Task directions:
Nothing but the pictures should be dropped; repeat the rest of the data below exactly.

Available data:

════════

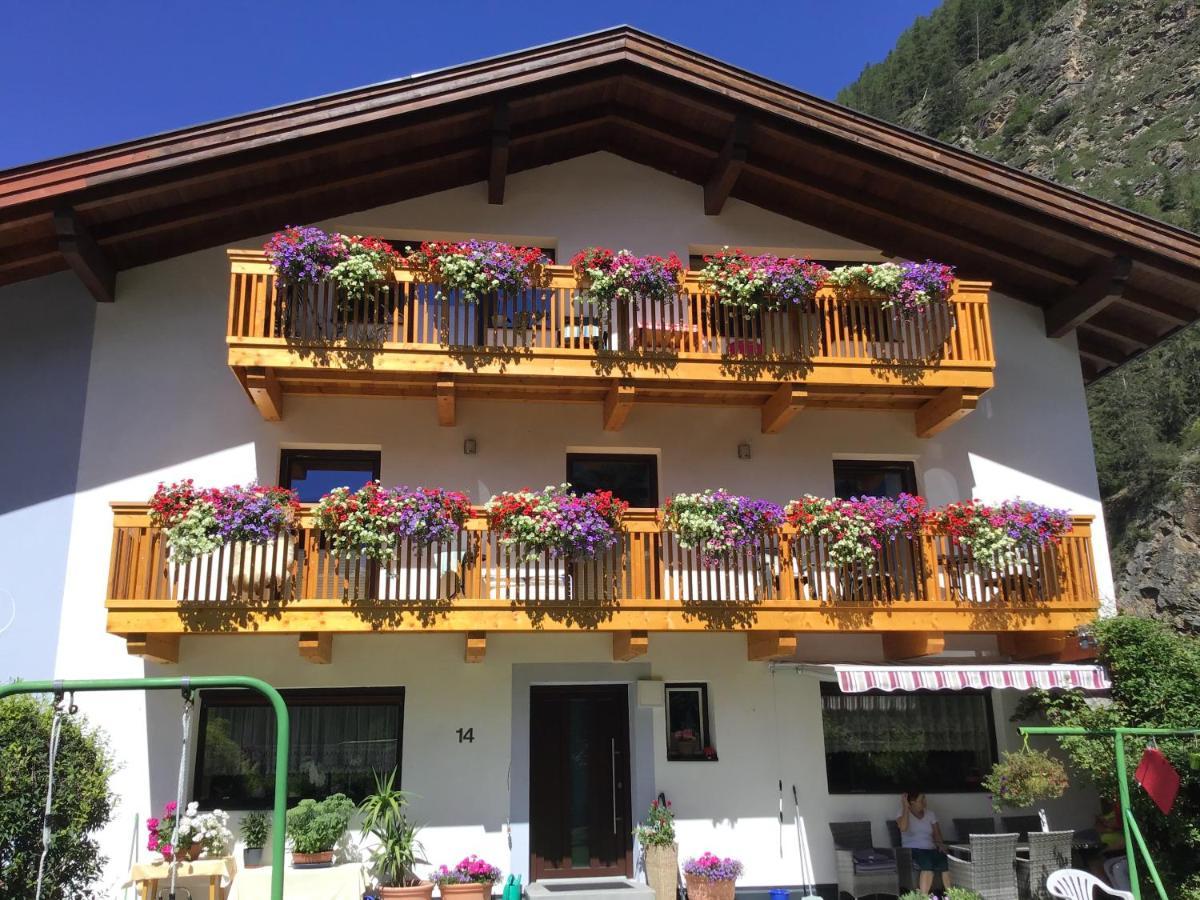 Hotel Haus Alpina Längenfeld Esterno foto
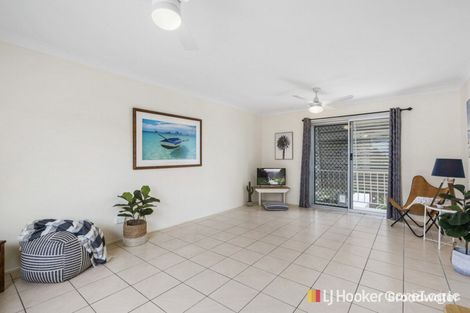 Property photo of 3/6 Vernia Place Biggera Waters QLD 4216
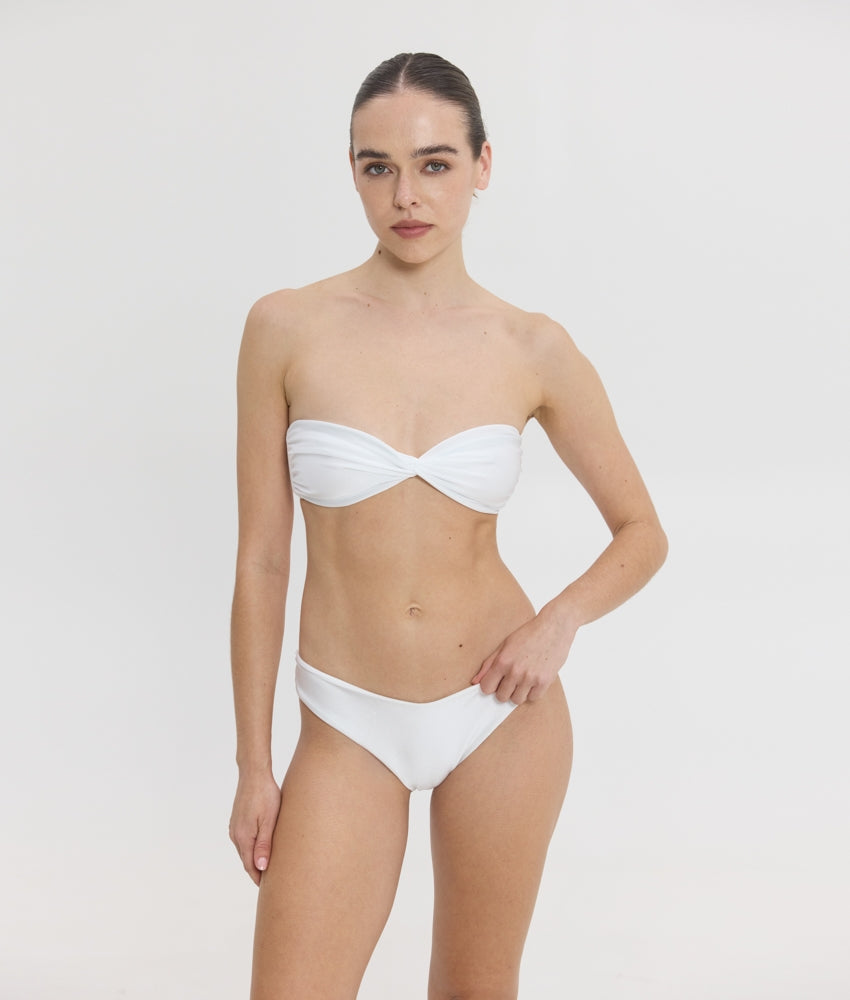 ORCHID BIKINI PEARL WHITE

════════

Exercise output:
 Hotel Haus Alpina Längenfeld Esterno foto
 Property photo of 3/6 Vernia Place Biggera Waters QLD 4216
 ORCHID BIKINI PEARL WHITE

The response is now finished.